Bridging Centers, Enhancing Knowledge: A Collaborative Initiative on Federated Learning for Dental Implant Classification
Dental implantology faces significant challenges, with over 4,000 implant models from various manufacturers making accurate classification and pathology detection increasingly complex for clinicians. This project, titled Bridging Centers, Enhancing Knowledge, aims to develop an innovative Federated Learning (FL) framework to address these challenges. By utilizing cutting-edge artificial intelligence (AI) and fostering international collaboration, the project aspires to create a reliable, standardized method for implant detection, classification, and peri-implant pathology identification.
Key Objectives
The primary goal is to develop a multicenter FL-based AI framework capable of:
- Differentiating dental implants from teeth and assigning accurate nomenclature (FDI standards).
- Automatically classifying implants by morphology and identifying at least five models per manufacturer.

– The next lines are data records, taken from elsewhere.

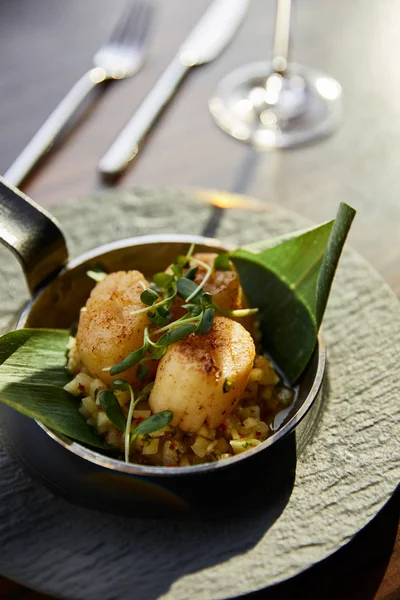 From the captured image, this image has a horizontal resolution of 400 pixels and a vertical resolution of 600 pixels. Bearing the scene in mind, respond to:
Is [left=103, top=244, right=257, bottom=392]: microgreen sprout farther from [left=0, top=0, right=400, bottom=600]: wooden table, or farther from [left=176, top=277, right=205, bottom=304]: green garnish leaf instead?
[left=0, top=0, right=400, bottom=600]: wooden table

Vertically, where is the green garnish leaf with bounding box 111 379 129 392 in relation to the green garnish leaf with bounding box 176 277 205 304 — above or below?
below

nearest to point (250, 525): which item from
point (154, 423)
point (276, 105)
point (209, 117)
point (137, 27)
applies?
point (154, 423)

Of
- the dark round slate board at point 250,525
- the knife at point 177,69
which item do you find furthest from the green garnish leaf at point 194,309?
the knife at point 177,69

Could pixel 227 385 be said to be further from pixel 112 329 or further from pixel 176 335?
pixel 112 329

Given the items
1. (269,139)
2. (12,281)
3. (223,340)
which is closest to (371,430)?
(223,340)

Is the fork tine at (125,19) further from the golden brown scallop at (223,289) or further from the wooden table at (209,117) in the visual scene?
the golden brown scallop at (223,289)

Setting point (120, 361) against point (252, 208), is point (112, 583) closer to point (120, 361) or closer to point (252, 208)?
point (120, 361)

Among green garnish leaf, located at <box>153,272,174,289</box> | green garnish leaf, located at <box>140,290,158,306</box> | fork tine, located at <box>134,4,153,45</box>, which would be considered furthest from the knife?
green garnish leaf, located at <box>140,290,158,306</box> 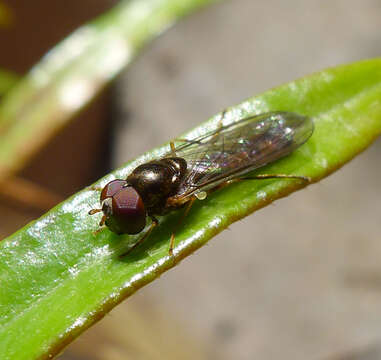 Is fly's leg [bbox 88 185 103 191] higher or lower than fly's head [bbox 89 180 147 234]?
higher

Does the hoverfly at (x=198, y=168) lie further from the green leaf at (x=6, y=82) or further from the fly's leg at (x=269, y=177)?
the green leaf at (x=6, y=82)

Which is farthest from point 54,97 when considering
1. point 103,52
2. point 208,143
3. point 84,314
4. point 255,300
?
point 255,300

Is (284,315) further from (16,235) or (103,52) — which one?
Answer: (16,235)

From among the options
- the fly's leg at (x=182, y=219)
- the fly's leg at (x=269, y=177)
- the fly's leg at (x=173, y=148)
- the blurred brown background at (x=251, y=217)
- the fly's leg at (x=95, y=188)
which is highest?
the fly's leg at (x=95, y=188)

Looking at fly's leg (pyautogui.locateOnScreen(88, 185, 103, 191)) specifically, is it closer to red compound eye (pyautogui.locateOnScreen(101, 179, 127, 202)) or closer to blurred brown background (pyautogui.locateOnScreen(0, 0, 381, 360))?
red compound eye (pyautogui.locateOnScreen(101, 179, 127, 202))

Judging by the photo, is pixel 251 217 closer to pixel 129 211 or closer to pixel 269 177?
pixel 269 177

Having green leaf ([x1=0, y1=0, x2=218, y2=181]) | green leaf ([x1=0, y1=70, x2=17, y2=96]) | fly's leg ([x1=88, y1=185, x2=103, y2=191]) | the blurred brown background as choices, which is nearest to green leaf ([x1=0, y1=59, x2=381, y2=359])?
fly's leg ([x1=88, y1=185, x2=103, y2=191])

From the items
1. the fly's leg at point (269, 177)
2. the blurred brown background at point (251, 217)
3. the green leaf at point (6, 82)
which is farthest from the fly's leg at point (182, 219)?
the green leaf at point (6, 82)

- Detecting peri-implant pathologies with high accuracy, offering actionable insights to clinicians.
This collaborative study leverages FL to allow multiple centers to train a unified AI model while maintaining strict data privacy. Unlike traditional centralized methods, FL ensures that data remains local to each participating institution, complying with medical data restrictions and ethical standards.
Global Collaboration
The project brings together leading institutions and researchers in dental and computational sciences:
- Complutense University of Madrid (Spain): Coordinating the initiative and hosting the central server for model aggregation.
- Polytechnic University of Madrid (Spain) – GIB: Providing AI expertise and engineering support.
- University of Zurich (Switzerland): Contributing radiographic data and validating results.
- Fourth Military Medical University (China): Adding diverse datasets to improve model robustness.
- University of Pennsylvania (USA): Conducting local training and testing phases to assess model performance.